**TASK TO COMPLETE**:
Return every record below exactly as written, omitting any pictures.

**EXERCISE DATA**:
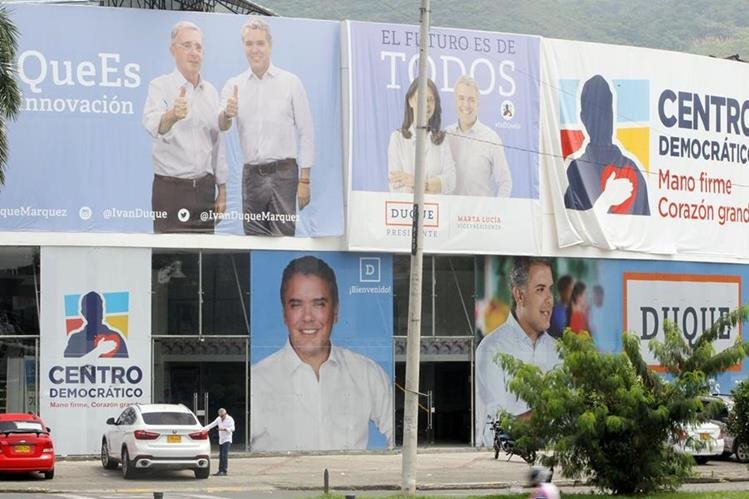 En Colombia se desarrolla una segunda vuelta inédita entre Iván Duque y Gustavo Petro. (Foto Prensa Libre: EFE).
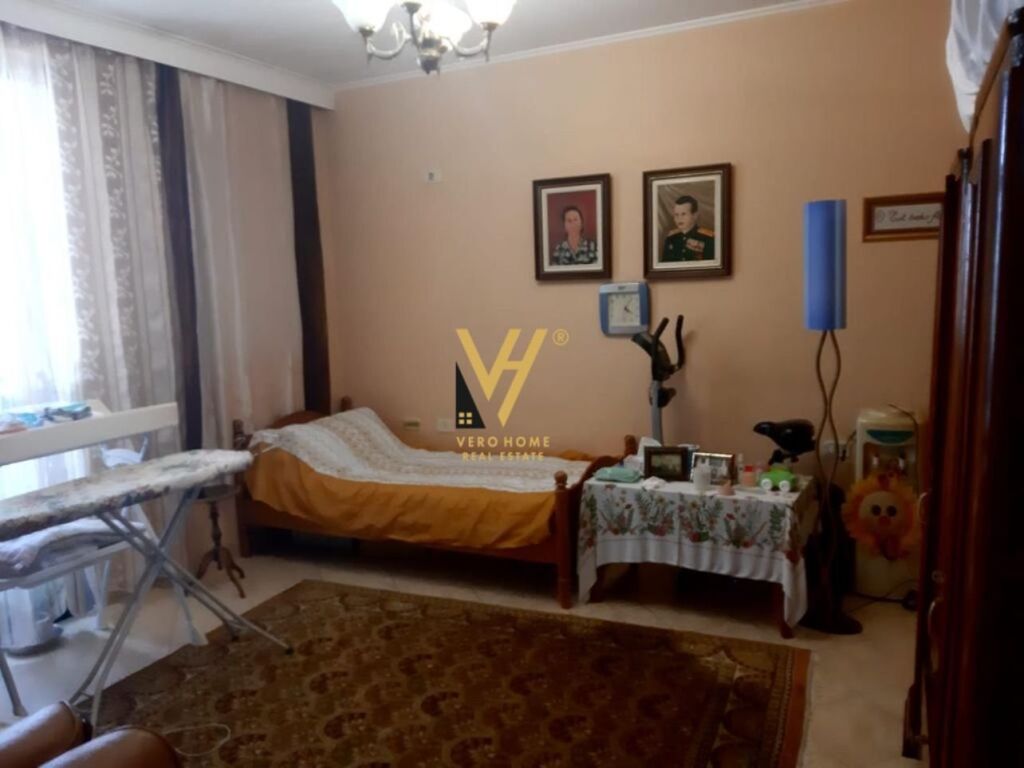 Shitet apartament 3+1+2 te 21 Dhjetori 110 m2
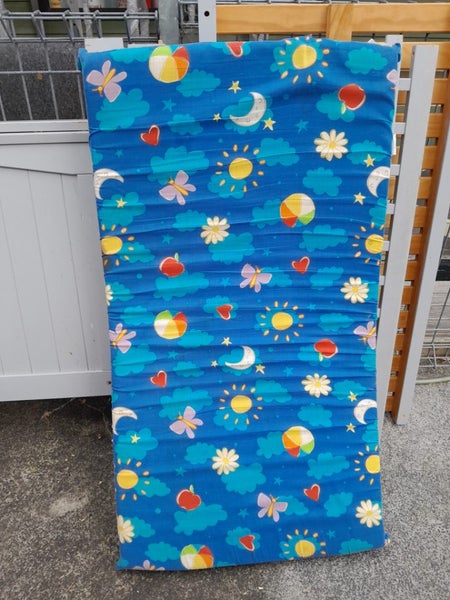 Touchwood cot and mattress Carousel 2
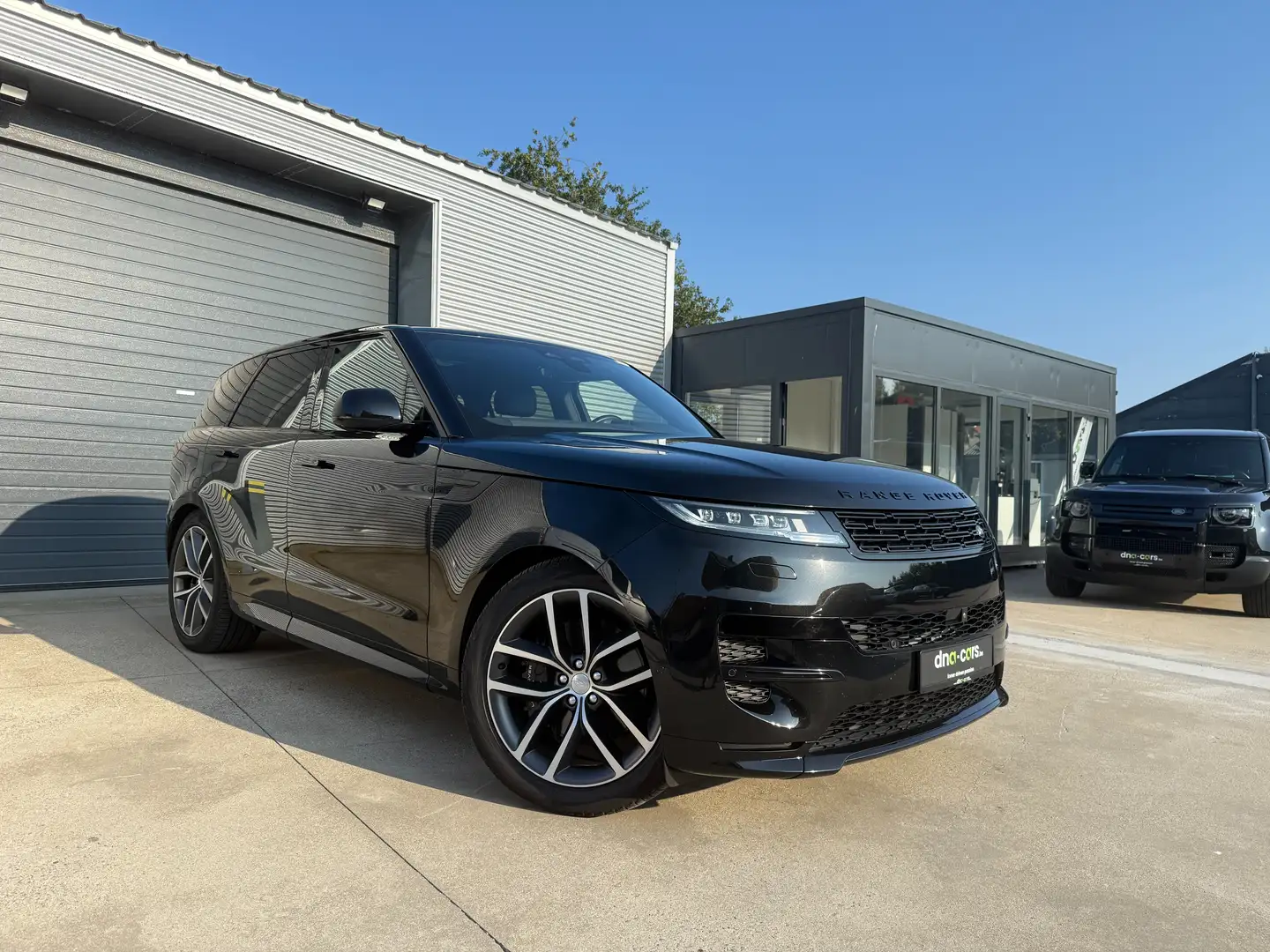 Land Rover Range Rover Sport P440e Dynamic SE / PANO / 22" / FRIGO / BLACK PACK Schwarz - 1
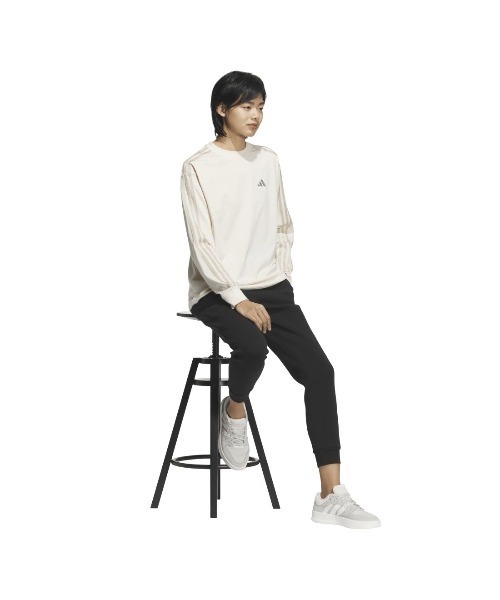 adidas(アディダス)の「アディダス adidas エッセンシャルズ プラス スリーストライプス 長袖Tシャツ(Tシャツ/カットソー・レディース・ライトベージュ/ネイビー・S/M/L/XL)」の4枚目の写真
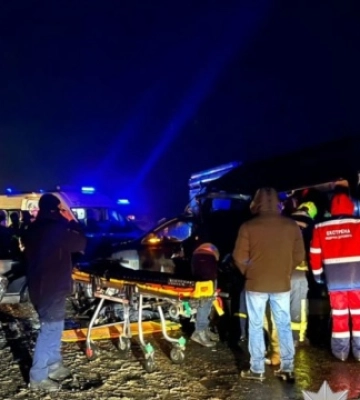 На Київщині зіткнулися два авто і маршрутка: є загиблий, 13 постраждалих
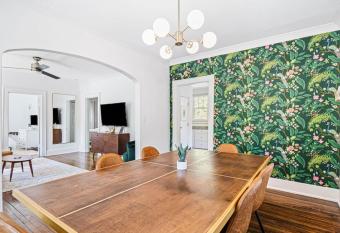 Charming House 5 Minutes to Downtown Chattanooga and Aquarium has Balcony rooms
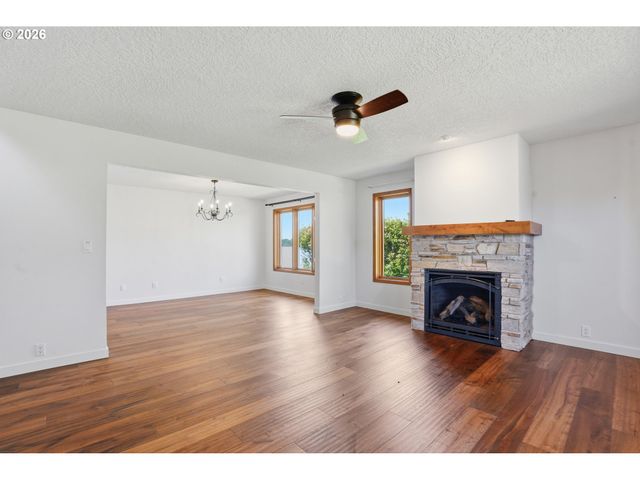 954 S A St, Washougal, WA 98671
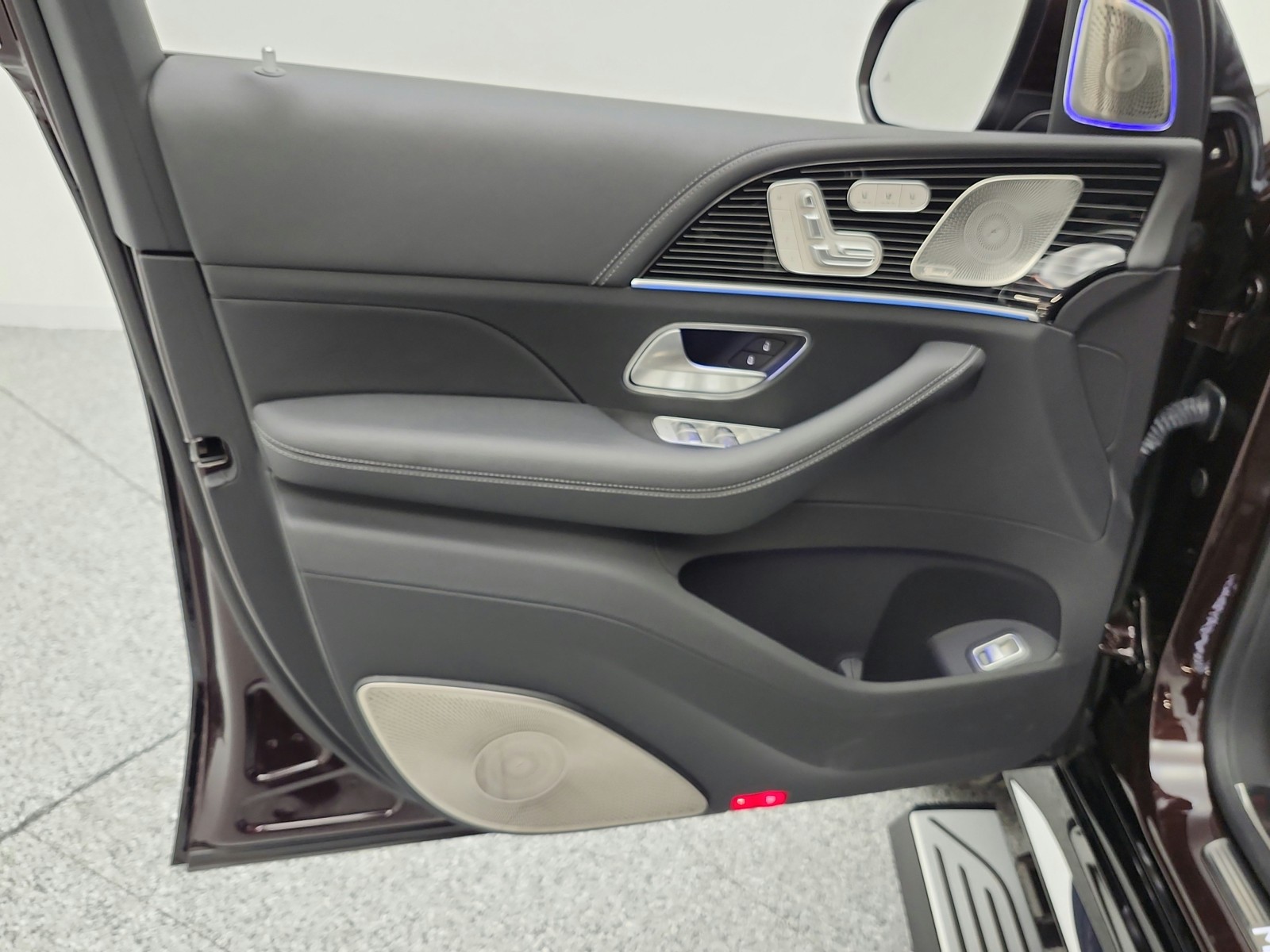 Certified Used 2024 Obsidian Black/Rubelite Red Mercedes-Benz Maybach GLS 600 4MATIC® SUV image 15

**EXERCISE RESULT**:
 En Colombia se desarrolla una segunda vuelta inédita entre Iván Duque y Gustavo Petro. (Foto Prensa Libre: EFE).
 Shitet apartament 3+1+2 te 21 Dhjetori 110 m2
 Touchwood cot and mattress Carousel 2
 Land Rover Range Rover Sport P440e Dynamic SE / PANO / 22" / FRIGO / BLACK PACK Schwarz - 1
 adidas(アディダス)の「アディダス adidas エッセンシャルズ プラス スリーストライプス 長袖Tシャツ(Tシャツ/カットソー・レディース・ライトベージュ/ネイビー・S/M/L/XL)」の4枚目の写真
 На Київщині зіткнулися два авто і маршрутка: є загиблий, 13 постраждалих
 Charming House 5 Minutes to Downtown Chattanooga and Aquarium has Balcony rooms
 954 S A St, Washougal, WA 98671
 Certified Used 2024 Obsidian Black/Rubelite Red Mercedes-Benz Maybach GLS 600 4MATIC® SUV image 15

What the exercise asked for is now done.